[Opening DATASET EXTRACT section]

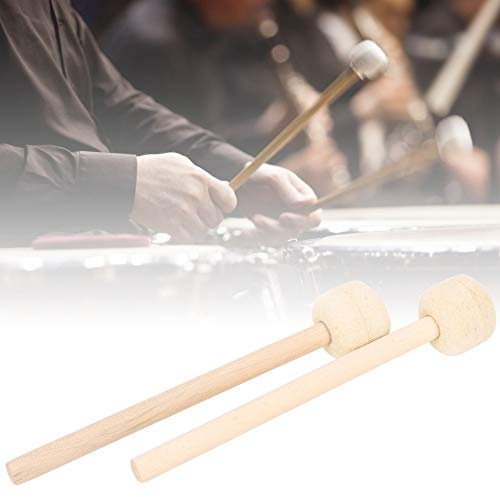 Filzschlägel Trommel Holzgriff Percussion Hammer, 2 Stück | Klare Klangbalance durch weichen Wollkopf, Griff aus Holz mit starkem Schlaggefühl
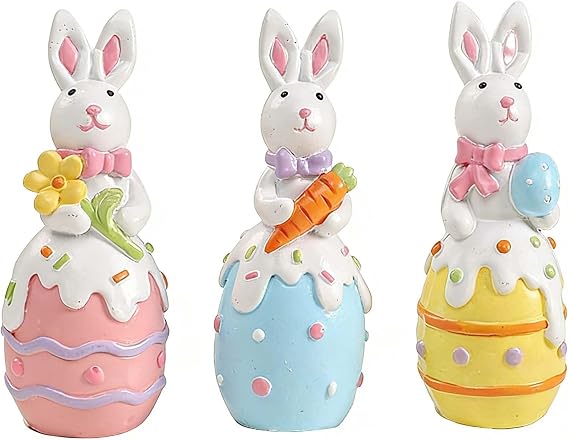 Easter Decor for Home Bunny Table Ornaments 3pcs Office Party Decorations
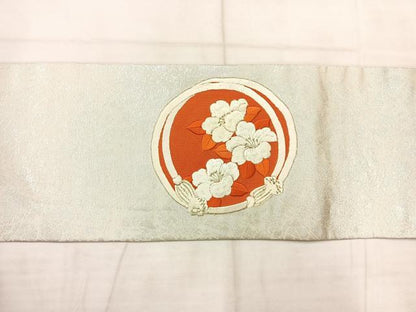 平和屋着物◎九寸名古屋帯　総刺繍　花丸文　金銀糸　正絹　逸品　AABE3113uk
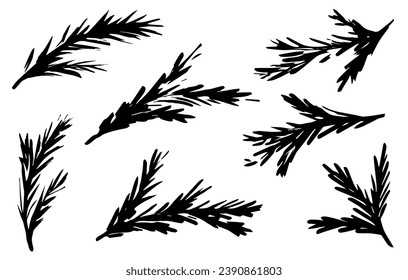 Hand drawn black paint Christmas trees. Ink drawing  in naive style, childish or primitive drawing.  illustration.  Black and white vector. 
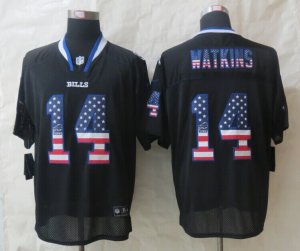 Nike Buffalo Bills #14 Watkins Black Jerseys(USA Flag Fashion Elite)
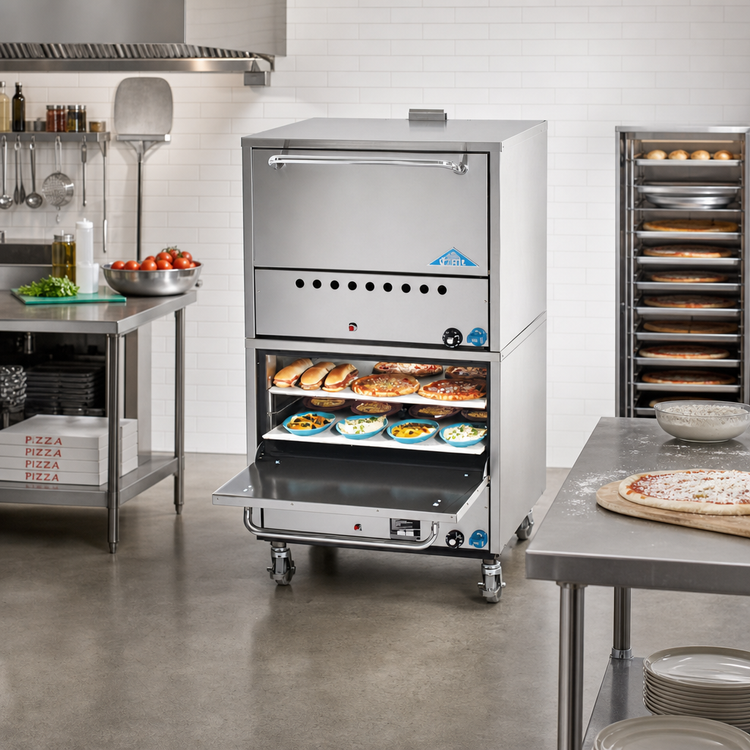 Product image #2 for Comstock-Castle 2PO31 Double-Stack Gas Pizza Deck Oven, 4 Hearth Decks, 60,000 BTU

[Closing DATASET EXTRACT section]

ABOUT THIS EXERCISE » Could the entries above be printed again exactly, apart from the pictures?

SOLUTION FOR THIS EXERCISE »
 Filzschlägel Trommel Holzgriff Percussion Hammer, 2 Stück | Klare Klangbalance durch weichen Wollkopf, Griff aus Holz mit starkem Schlaggefühl
 Easter Decor for Home Bunny Table Ornaments 3pcs Office Party Decorations
 平和屋着物◎九寸名古屋帯　総刺繍　花丸文　金銀糸　正絹　逸品　AABE3113uk
 Hand drawn black paint Christmas trees. Ink drawing  in naive style, childish or primitive drawing.  illustration.  Black and white vector. 
 Nike Buffalo Bills #14 Watkins Black Jerseys(USA Flag Fashion Elite)
 Product image #2 for Comstock-Castle 2PO31 Double-Stack Gas Pizza Deck Oven, 4 Hearth Decks, 60,000 BTU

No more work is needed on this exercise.